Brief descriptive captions
####################
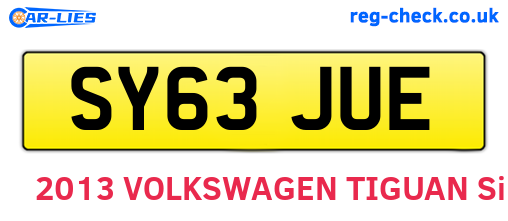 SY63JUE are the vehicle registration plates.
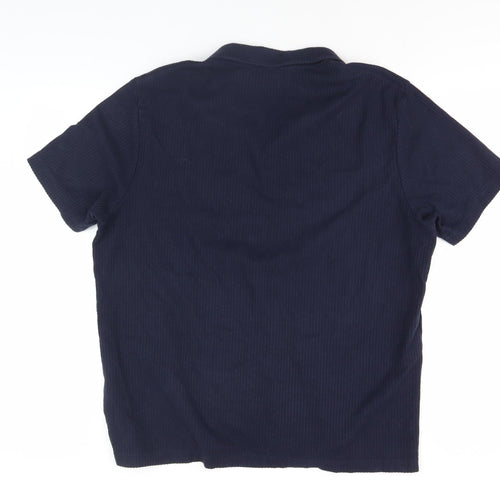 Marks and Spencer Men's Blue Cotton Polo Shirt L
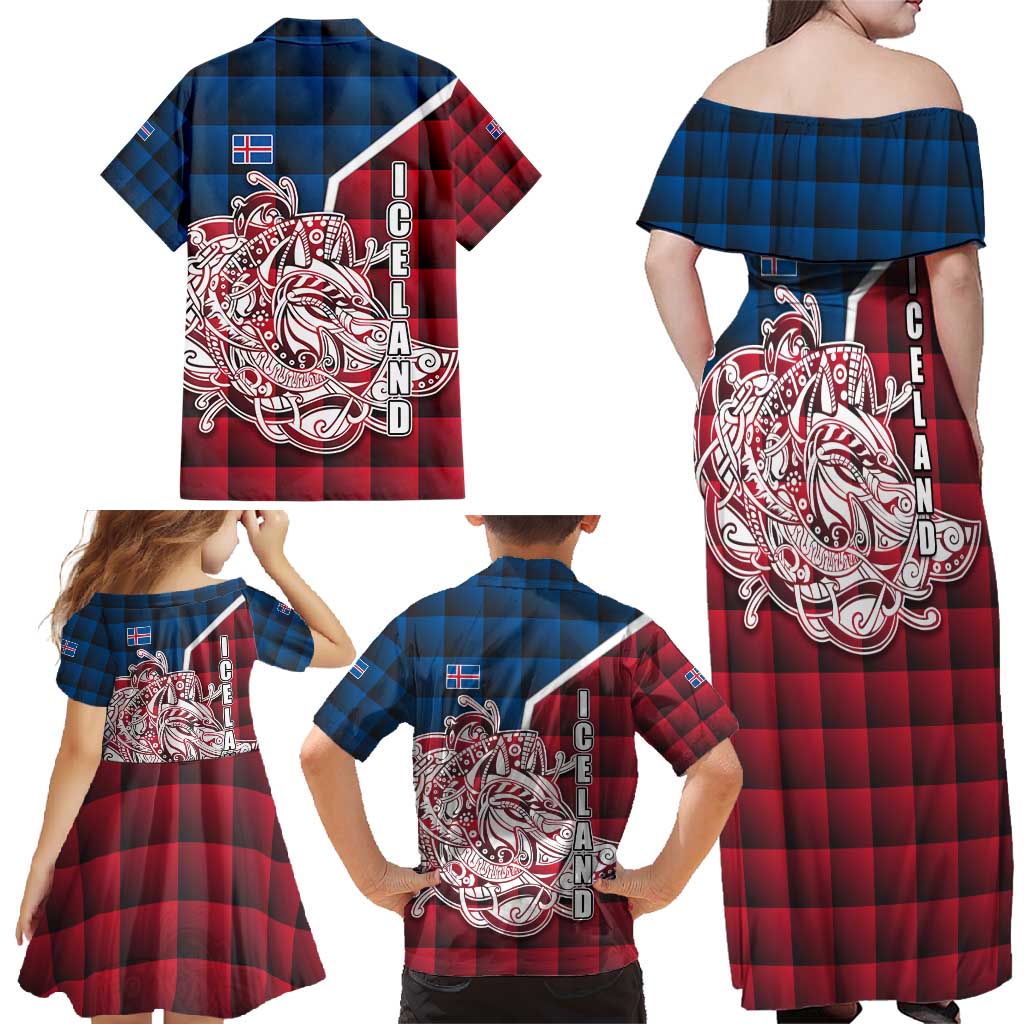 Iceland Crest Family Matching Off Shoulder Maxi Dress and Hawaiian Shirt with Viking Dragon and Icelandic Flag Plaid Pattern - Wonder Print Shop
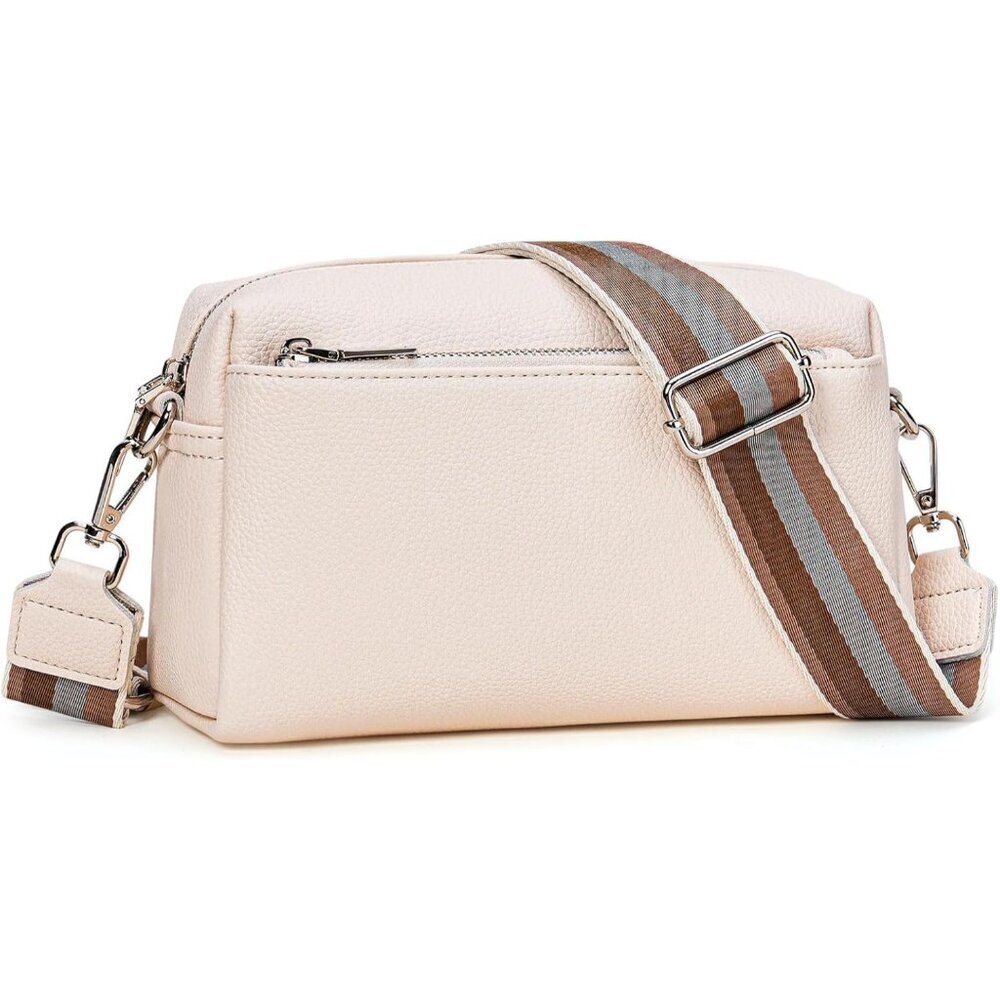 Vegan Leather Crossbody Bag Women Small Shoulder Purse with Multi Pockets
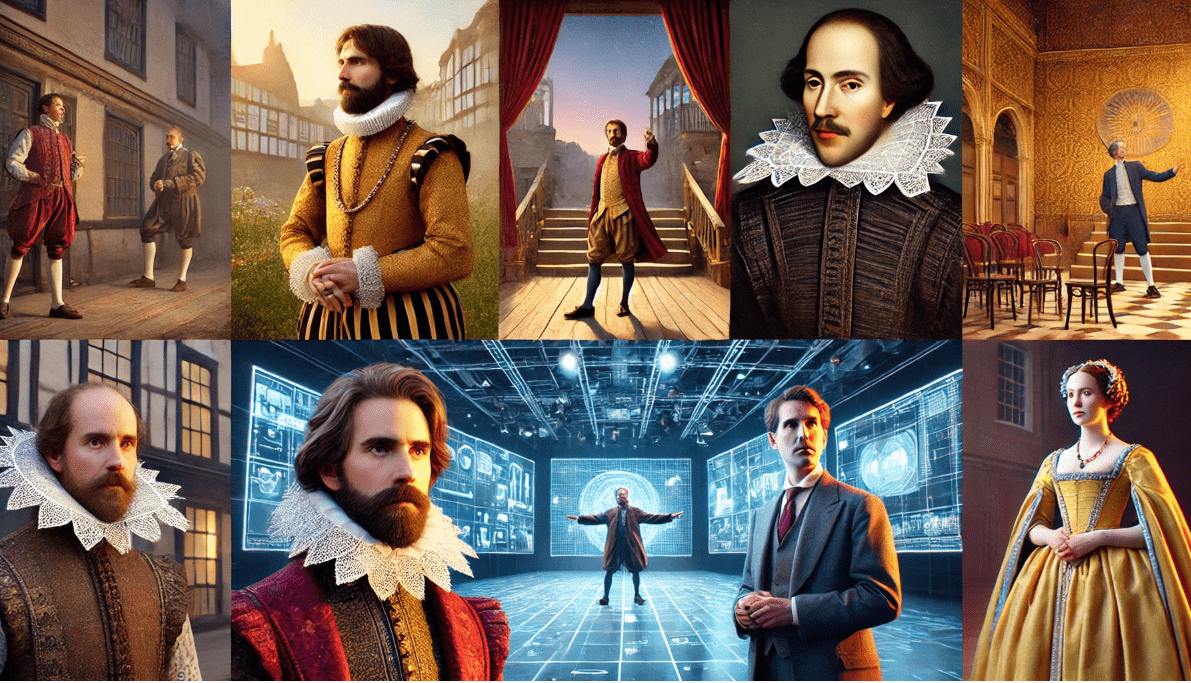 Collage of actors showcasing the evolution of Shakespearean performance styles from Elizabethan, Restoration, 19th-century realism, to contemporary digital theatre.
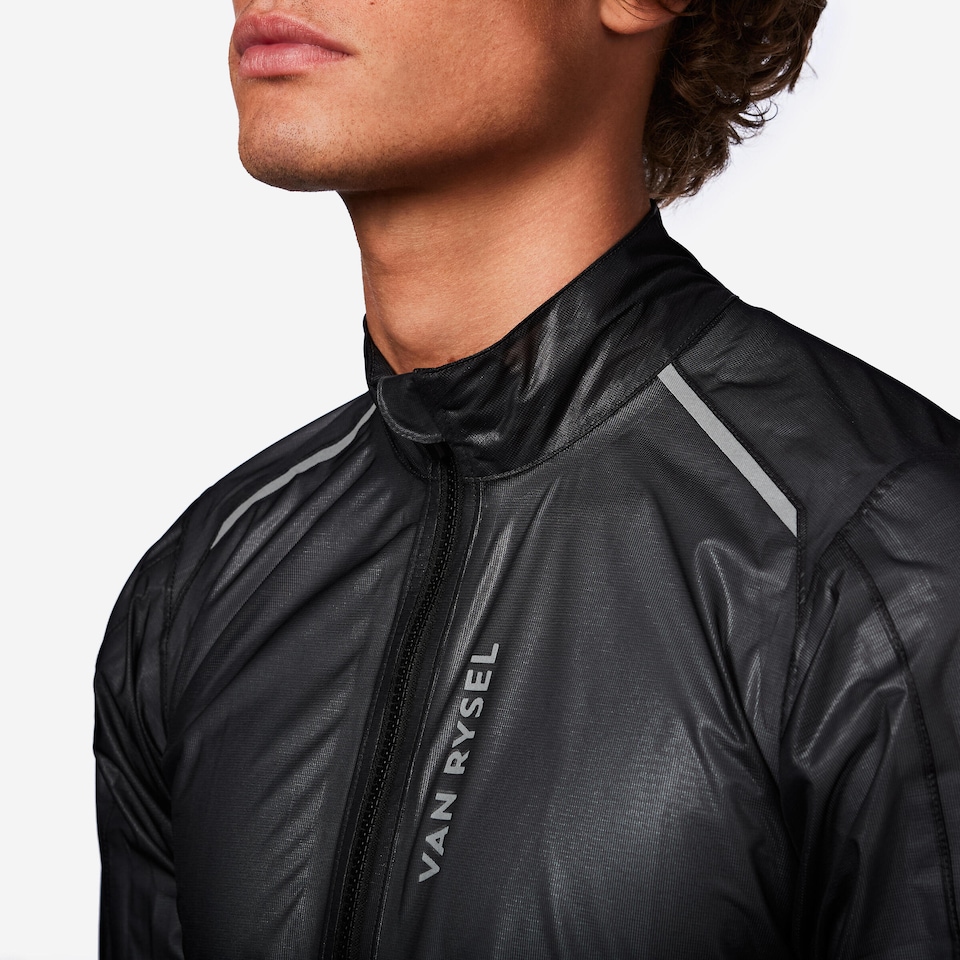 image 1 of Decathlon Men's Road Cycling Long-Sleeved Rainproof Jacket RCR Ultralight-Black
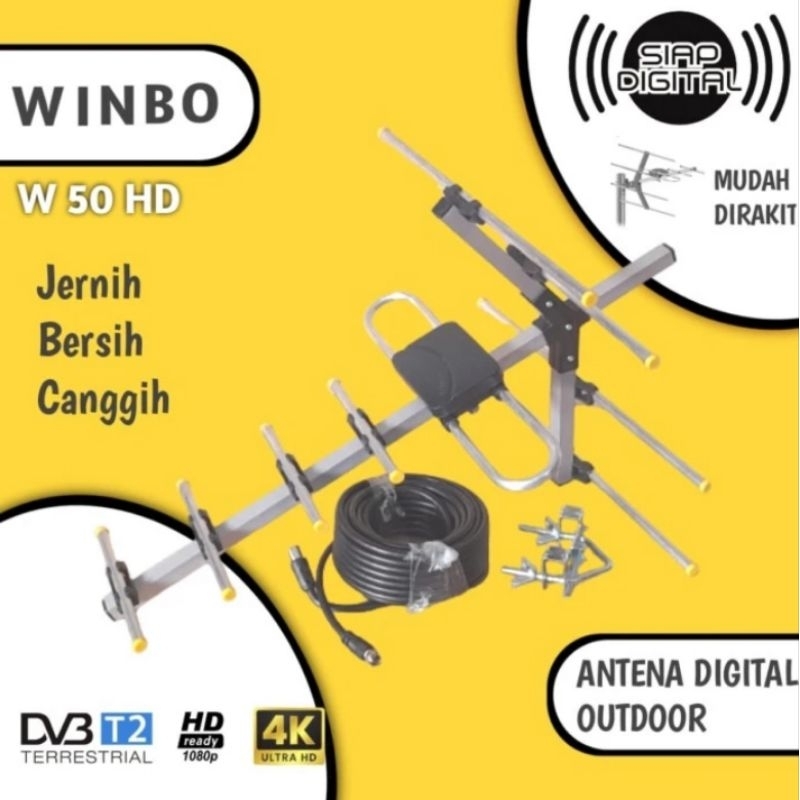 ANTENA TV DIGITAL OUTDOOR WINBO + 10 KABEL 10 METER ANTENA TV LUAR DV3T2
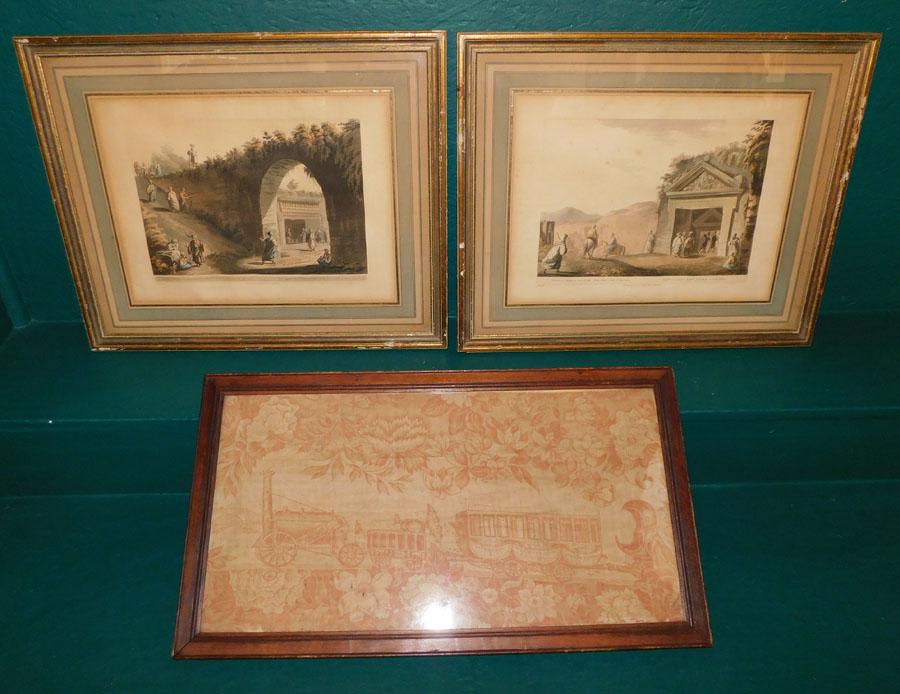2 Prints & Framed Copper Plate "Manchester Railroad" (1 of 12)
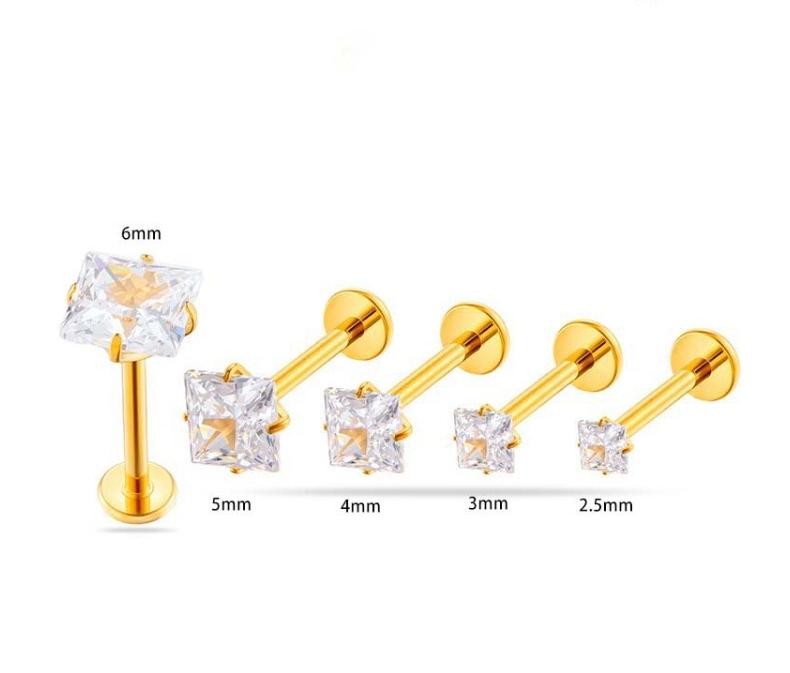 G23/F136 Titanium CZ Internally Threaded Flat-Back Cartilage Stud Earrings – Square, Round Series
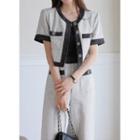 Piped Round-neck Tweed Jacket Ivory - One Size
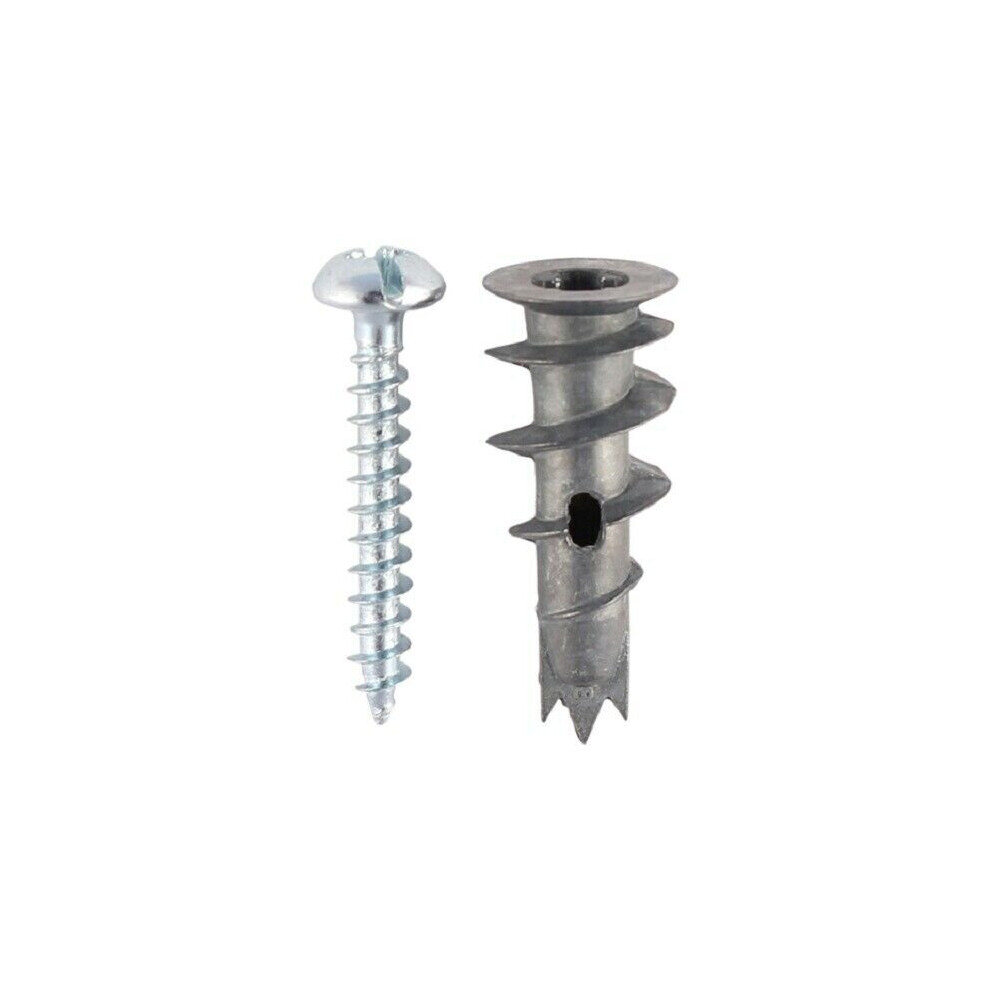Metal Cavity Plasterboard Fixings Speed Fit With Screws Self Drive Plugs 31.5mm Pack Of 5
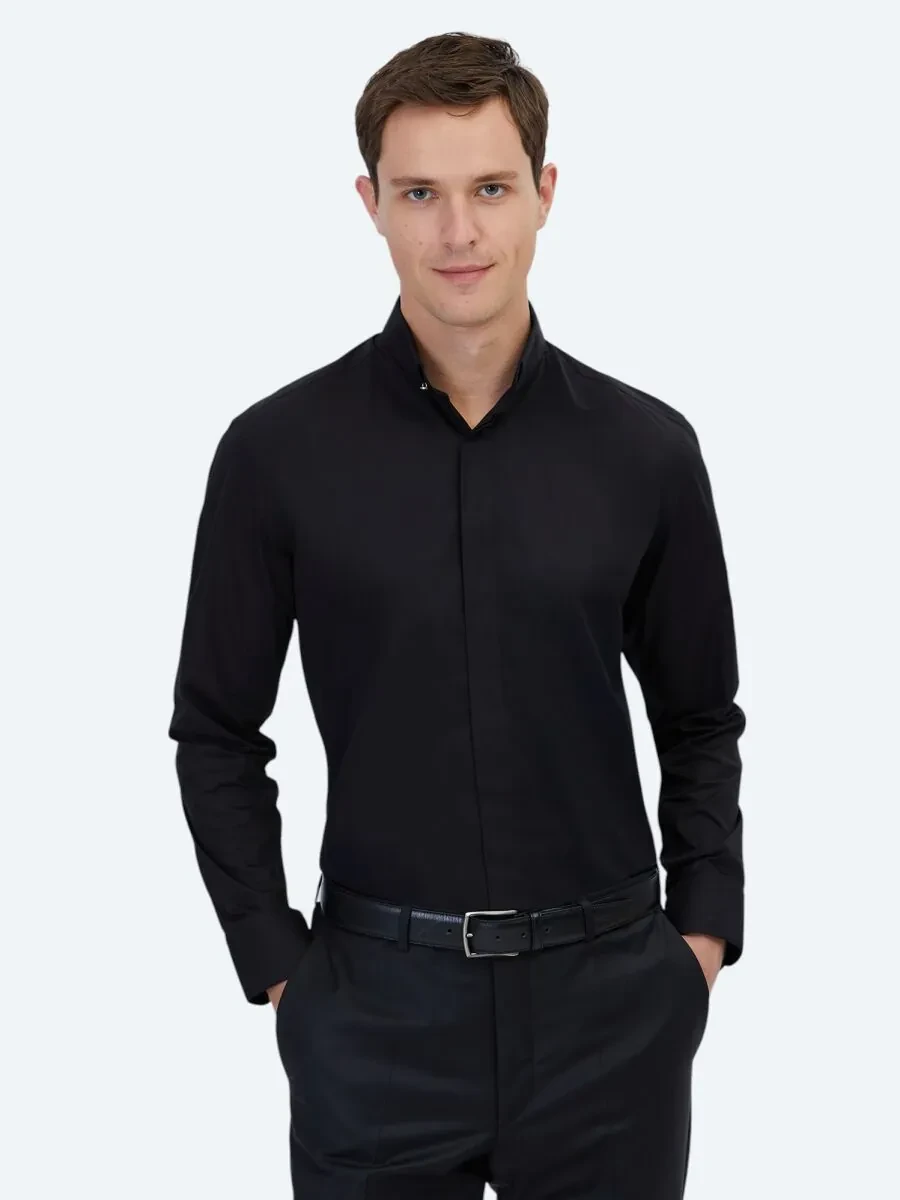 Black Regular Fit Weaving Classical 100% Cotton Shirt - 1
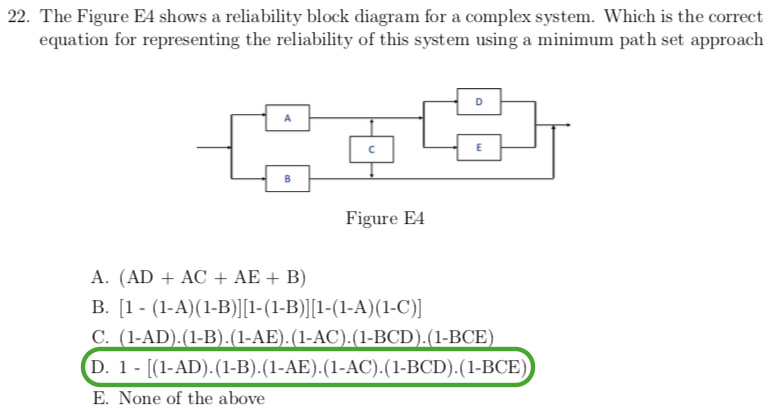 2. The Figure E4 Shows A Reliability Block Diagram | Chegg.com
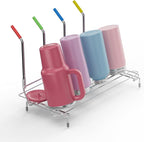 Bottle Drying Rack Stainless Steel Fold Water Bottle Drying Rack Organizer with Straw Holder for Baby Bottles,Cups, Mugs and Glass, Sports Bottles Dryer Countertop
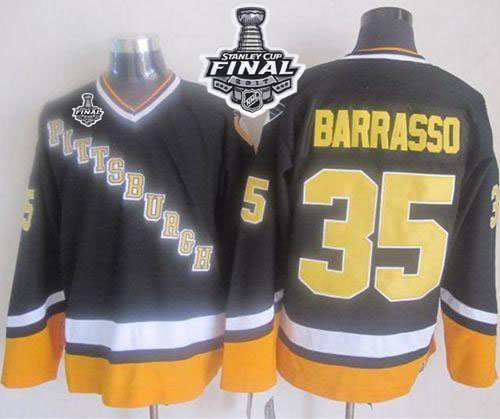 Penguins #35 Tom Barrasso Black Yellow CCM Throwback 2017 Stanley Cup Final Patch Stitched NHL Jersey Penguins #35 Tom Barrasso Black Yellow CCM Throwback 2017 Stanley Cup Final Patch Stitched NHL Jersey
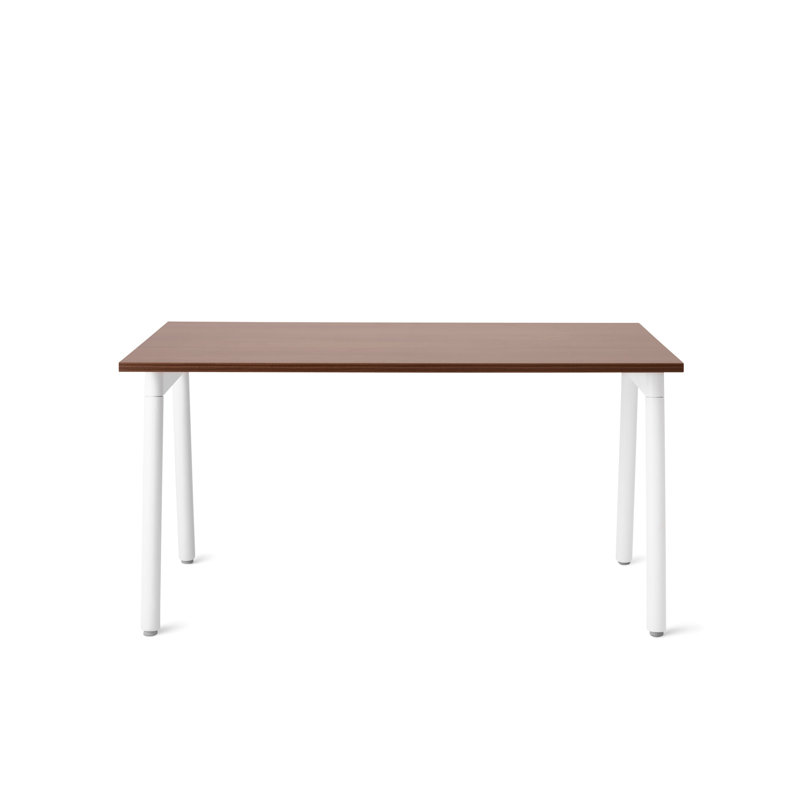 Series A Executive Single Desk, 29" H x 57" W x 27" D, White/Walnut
####################
Exercise requirements
With pictures excluded, reproduce exactly the lines above from the one containing "Vegan Leather Crossbody" down to the one containing "2. The Figure", those two included.

Response box
 Vegan Leather Crossbody Bag Women Small Shoulder Purse with Multi Pockets
 Collage of actors showcasing the evolution of Shakespearean performance styles from Elizabethan, Restoration, 19th-century realism, to contemporary digital theatre.
 image 1 of Decathlon Men's Road Cycling Long-Sleeved Rainproof Jacket RCR Ultralight-Black
 ANTENA TV DIGITAL OUTDOOR WINBO + 10 KABEL 10 METER ANTENA TV LUAR DV3T2
2 Prints & Framed Copper Plate "Manchester Railroad" (1 of 12)
 G23/F136 Titanium CZ Internally Threaded Flat-Back Cartilage Stud Earrings – Square, Round Series
 Piped Round-neck Tweed Jacket Ivory - One Size
Metal Cavity Plasterboard Fixings Speed Fit With Screws Self Drive Plugs 31.5mm Pack Of 5
 Black Regular Fit Weaving Classical 100% Cotton Shirt - 1
 2. The Figure E4 Shows A Reliability Block Diagram | Chegg.com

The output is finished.